As I mentioned before, another problem that can be caused by the southwest wind is the potential for drought conditions to setup. The effects of the dry and hot air moving across the area can lead to water rationing and will lead to burn bans being out in place across the area. These extreme temperatures will also lead to many heat related issues, such as heat exhaustion or heat strokes.

I think measures need to be taken to help the needy avoid the heat by providing air conditioned areas during heat waves, fans in their homes and fresh water to help avoid dehydration. I would also like to see more measure taken to lower the Ozone levels and develop a detection device for home use to help those with breathing problems.

A Northwest wind is typically found in the area during the fall and winter months as they tend to accompany the cold fronts moving across the region. These winds are usually found after a front passes through the area as high pressure sets up across the Plains and Midwest dragging the cooler and drier air into the Houston area.

A frontal passage will bring gusty northwest winds to the area, these will last for no more than two days. The major problem with these gutsy winds is the wind chills will tend to drop into the mid teens to low 20's, this is like the Arctic in Houston. you will find people bundle in their parkas and this also brings one of the few times we get to use our fireplaces.

The severe weather you see in the Houston area is associated with these frontal passages. We have two severe weather seasons in the Houston area, Spring and Fall, while we don't get severe weather as they do in the Plains, we do get a couple of Tornado Warnings a year and some large hail.

As we move from fall to winter the average number of cold fronts increases, this increases the chances of cooler weather across the area. There is only a couple of hard freezes a year in Houston, with the outlying areas to the North more susceptible to this weather.

The big danger with the northwest wind as mentioned is the cold weather it brings, this especially effects those who can't afford the high heating costs, many deaths are reported during the winter due to exposure from the cold or deaths from fires started by space heaters.

We need to make an effort in the winter months to provide more shelter for those that are homeless to keep them warm and get started with a campaign to check space heaters and teach people how to properly use them. The last significant wind that effects the Houston area is a Northeast wind. The Northeast wind will bring dry and cooler air to the area, however not a big cool down.
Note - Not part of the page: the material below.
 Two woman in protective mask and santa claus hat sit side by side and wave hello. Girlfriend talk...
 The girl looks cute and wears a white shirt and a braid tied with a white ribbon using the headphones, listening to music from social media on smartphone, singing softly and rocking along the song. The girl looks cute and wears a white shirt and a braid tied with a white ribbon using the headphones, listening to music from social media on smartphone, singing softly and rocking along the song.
This wind will bring in back door cold fronts, these fronts moving in from the Northeast will tend to bring light showers as they move into the area. These showers are concentrated along the frontal boundary itself, thus bringing very little accumulation in rainfall.

The wind can effect the weather in many different ways, these are some of the ways the wind effects the weather in the Houston area. As you can see lives are affected in many ways from summer heat to winter cold to flooding caused from storms that don't move. I think as Meteorologists we should take it upon ourselves to help educate the public more about the affects wind can have on our lives.